SUPPLIED INFORMATION section start

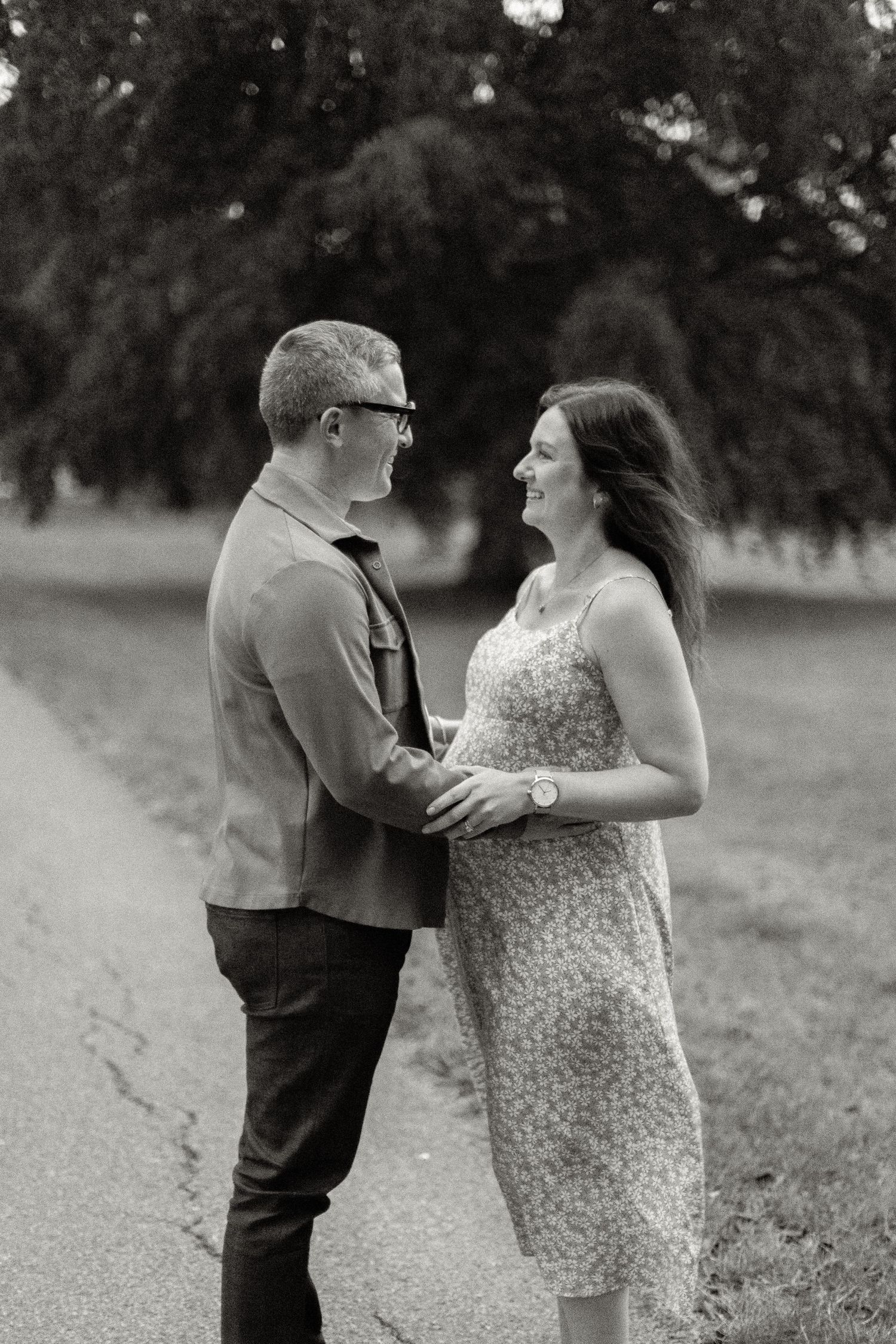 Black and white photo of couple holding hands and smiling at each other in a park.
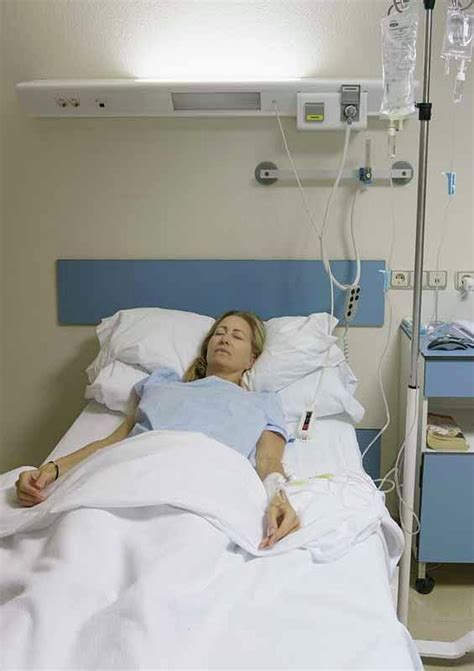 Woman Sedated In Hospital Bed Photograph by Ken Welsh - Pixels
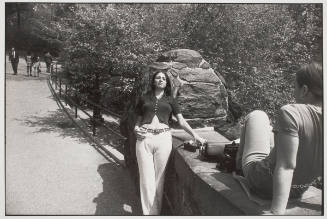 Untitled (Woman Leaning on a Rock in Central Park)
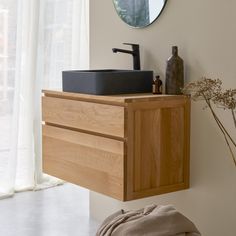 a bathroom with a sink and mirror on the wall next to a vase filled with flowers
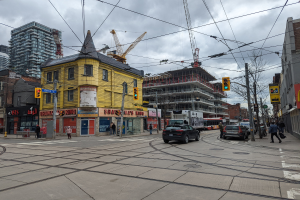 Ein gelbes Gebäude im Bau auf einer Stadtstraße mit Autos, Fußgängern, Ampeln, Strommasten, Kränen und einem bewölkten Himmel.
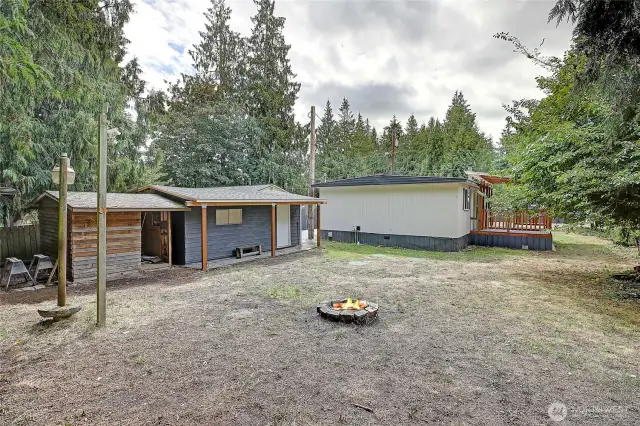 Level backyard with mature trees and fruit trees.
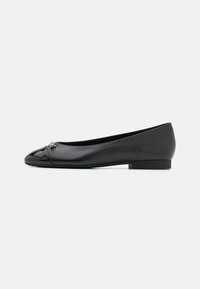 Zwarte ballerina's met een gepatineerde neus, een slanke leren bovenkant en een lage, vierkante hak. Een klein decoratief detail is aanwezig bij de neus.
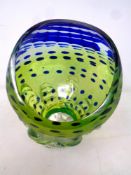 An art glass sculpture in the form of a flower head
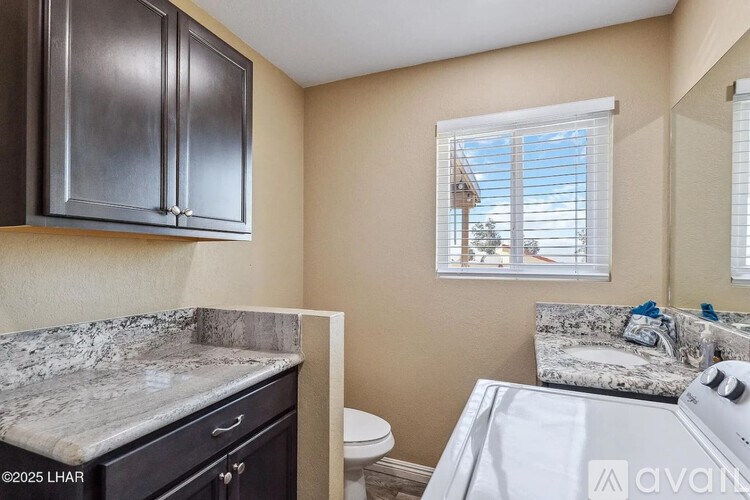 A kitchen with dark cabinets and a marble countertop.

SUPPLIED INFORMATION section end
SUPPLIED INFORMATION section start

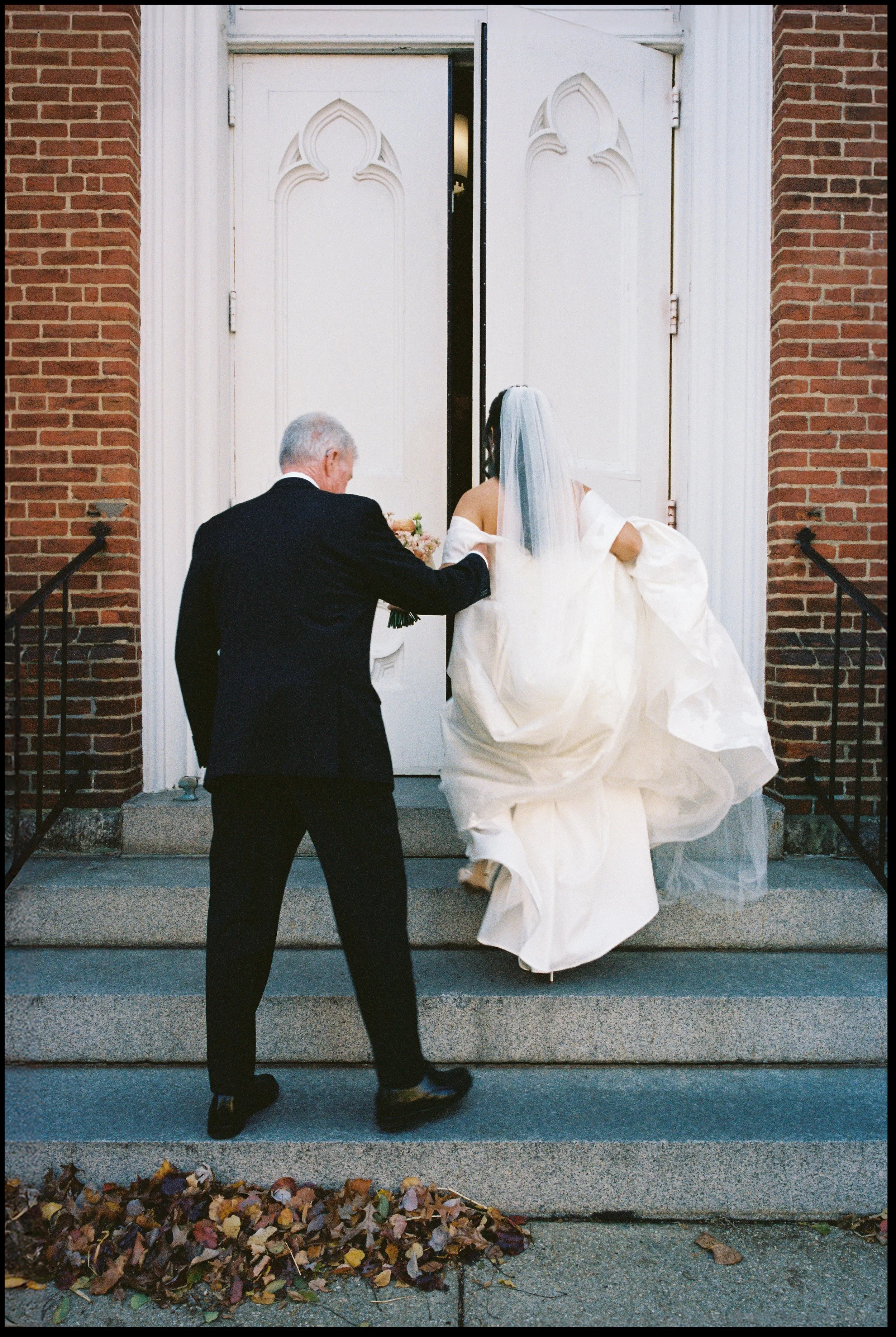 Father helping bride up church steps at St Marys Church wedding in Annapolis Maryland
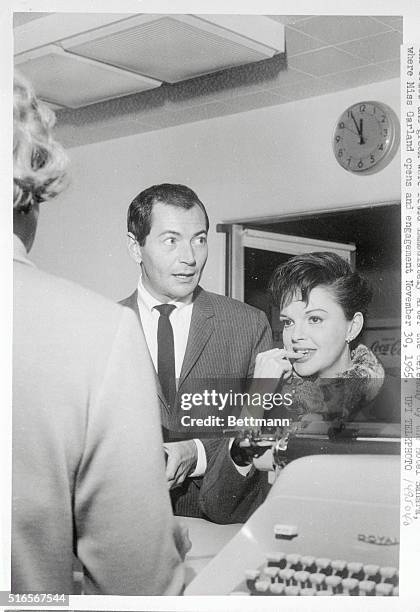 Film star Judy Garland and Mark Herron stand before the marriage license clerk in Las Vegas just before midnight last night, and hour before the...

SUPPLIED INFORMATION section end

BRIEF: Give exactly the lines above that run from the line with "Welsh - Pixels" to the line with "A kitchen with", both included, leaving every picture out.

EXPECTED ANSWER:
 Woman Sedated In Hospital Bed Photograph by Ken Welsh - Pixels
 Untitled (Woman Leaning on a Rock in Central Park)
 a bathroom with a sink and mirror on the wall next to a vase filled with flowers
 Ein gelbes Gebäude im Bau auf einer Stadtstraße mit Autos, Fußgängern, Ampeln, Strommasten, Kränen und einem bewölkten Himmel.
 Level backyard with mature trees and fruit trees.
 Zwarte ballerina's met een gepatineerde neus, een slanke leren bovenkant en een lage, vierkante hak. Een klein decoratief detail is aanwezig bij de neus.
 An art glass sculpture in the form of a flower head
 A kitchen with dark cabinets and a marble countertop.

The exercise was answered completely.